### Entries shown
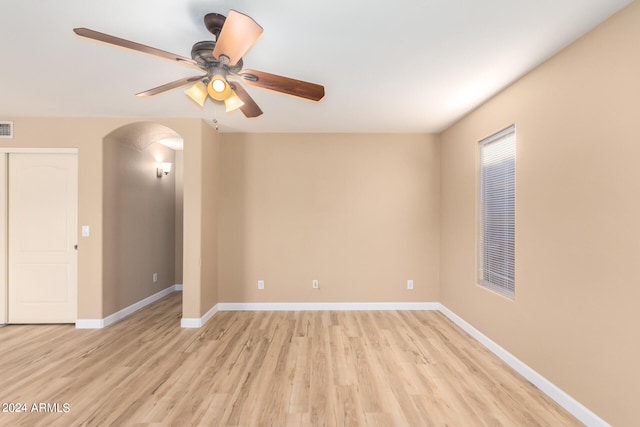 empty room with ceiling fan and light hardwood / wood-style flooring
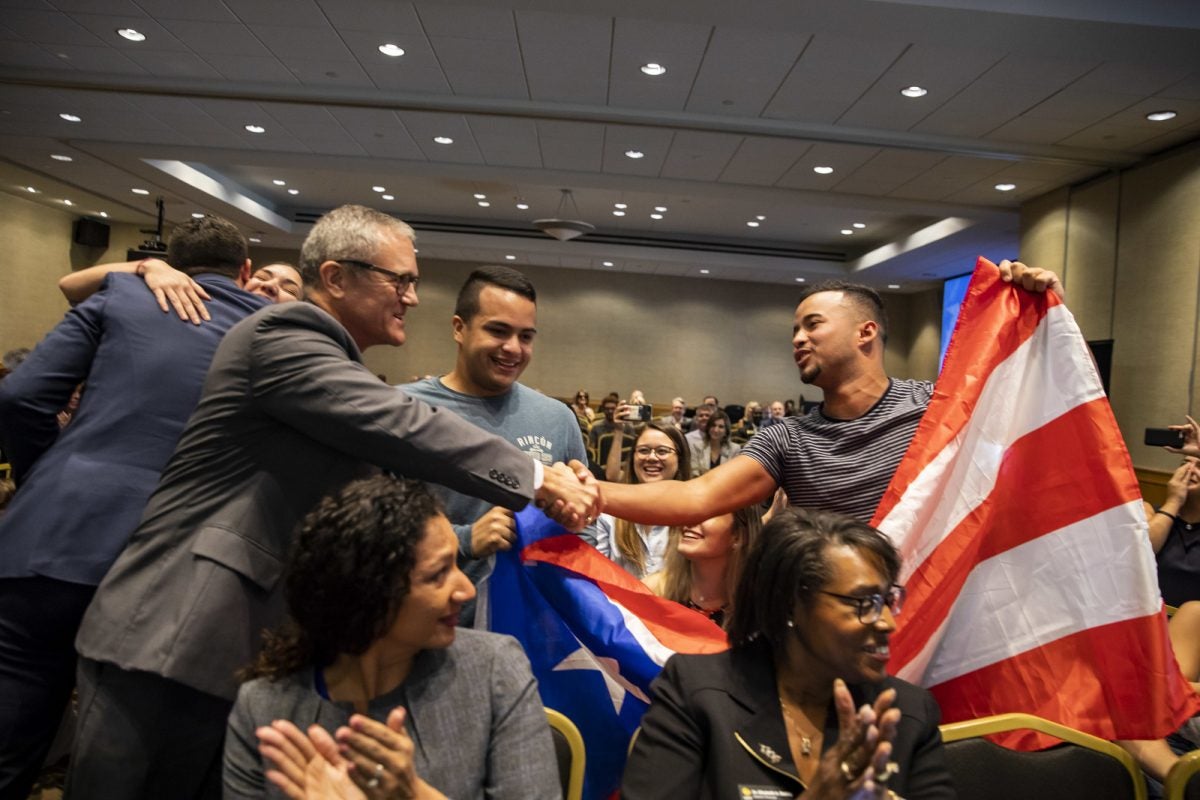 President Whittaker shakes hands with members of the Puerto Rican Student Association.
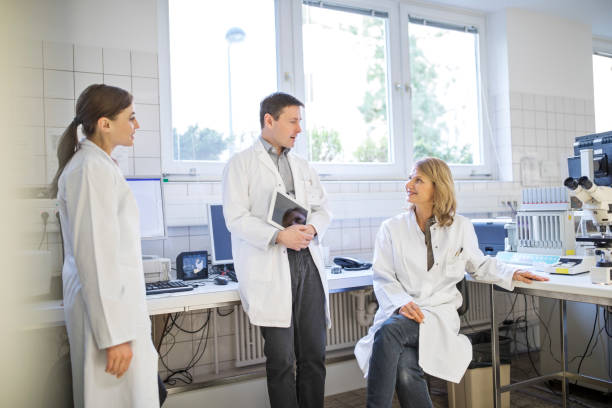 تصویری از همکاران پزشکی در حال گفتگو در آزمایشگاه، نشاندهنده همکاری برای ارتقاء خدمات سلامت و سئو آزمایشگاه تشخیص طبی 2026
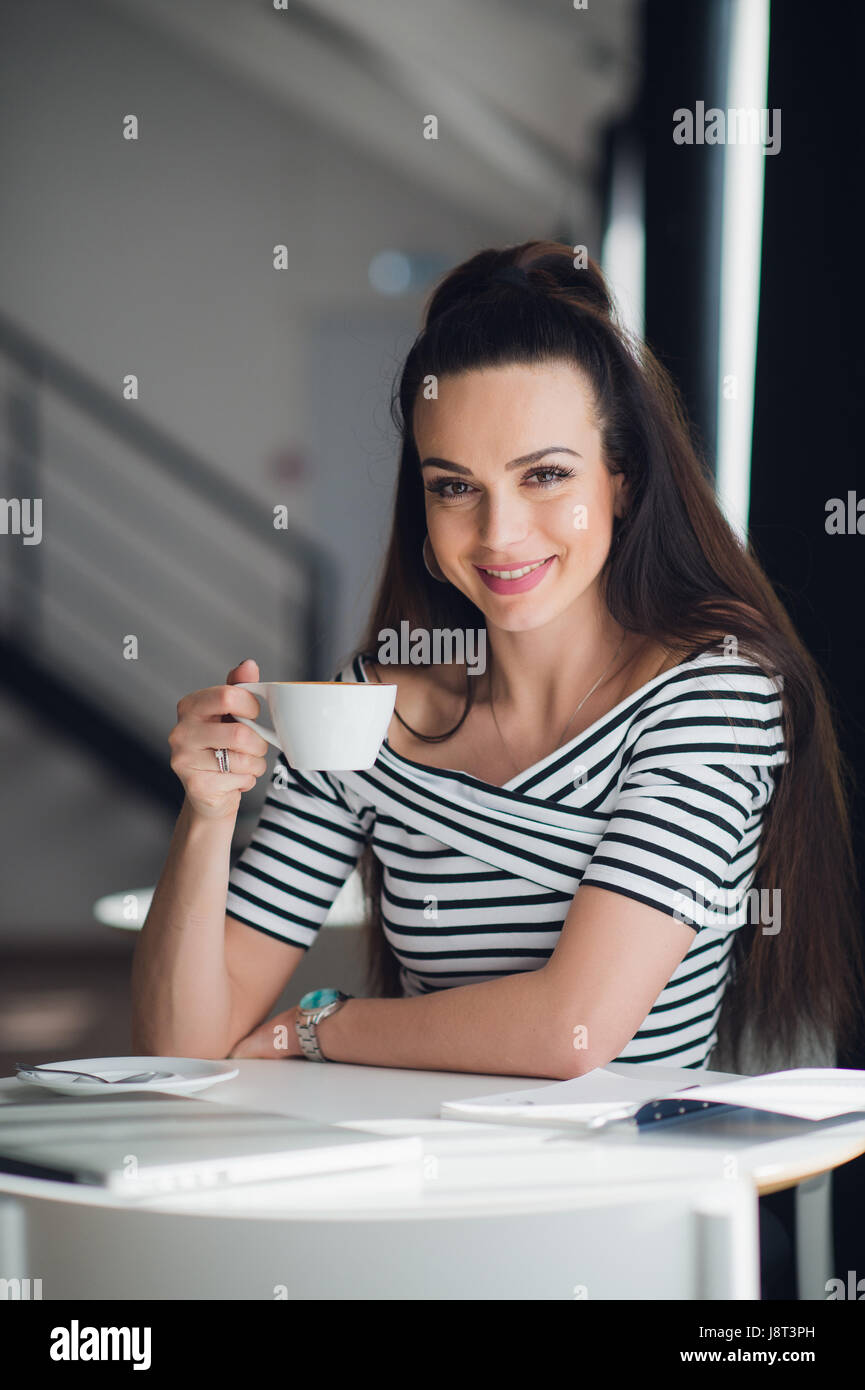 Porträt einer charmanten Frau am Tisch sitzen und eine Tasse Tee, schaut in die Kamera halten. Stockfoto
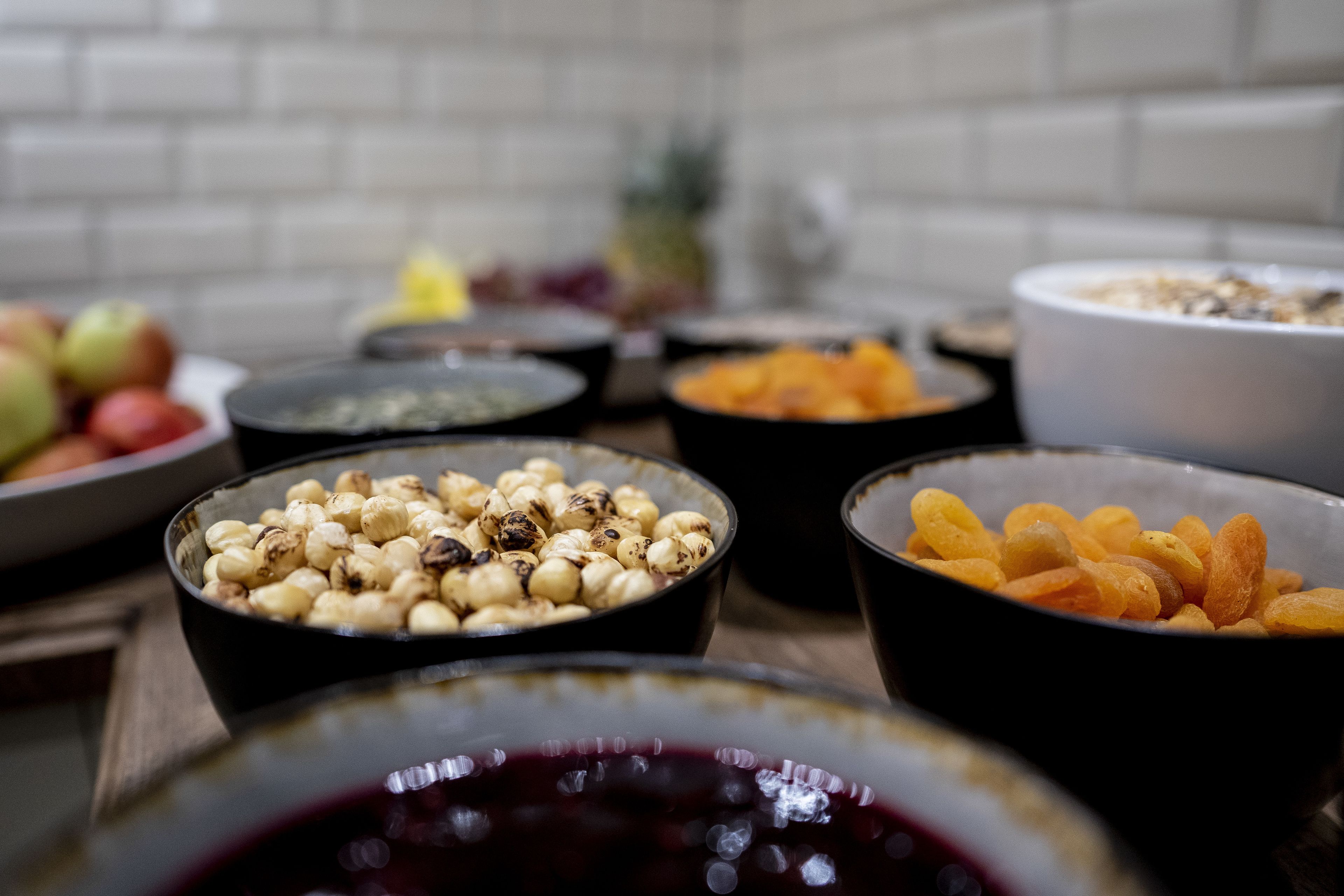 A variety of bowls containing different food items, including nuts, dried fruits, and a bowl of red fruit preserve.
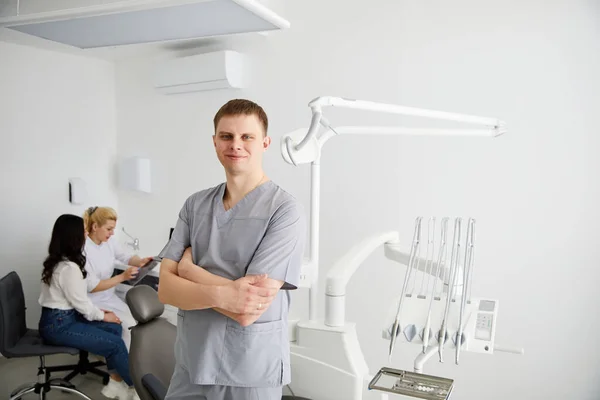 Jovem Dentista Está Meio Consultório Fundo Colega Está Aconselhando Pacientes — Fotografia de Stock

### What to do
Nothing but the lines from the beginning of the material above through the line containing "Porträt einer charmanten" should appear in the answer, copied exactly and free of pictures.

### Completed exercise
 empty room with ceiling fan and light hardwood / wood-style flooring
 President Whittaker shakes hands with members of the Puerto Rican Student Association.
 تصویری از همکاران پزشکی در حال گفتگو در آزمایشگاه، نشاندهنده همکاری برای ارتقاء خدمات سلامت و سئو آزمایشگاه تشخیص طبی 2026
 Porträt einer charmanten Frau am Tisch sitzen und eine Tasse Tee, schaut in die Kamera halten. Stockfoto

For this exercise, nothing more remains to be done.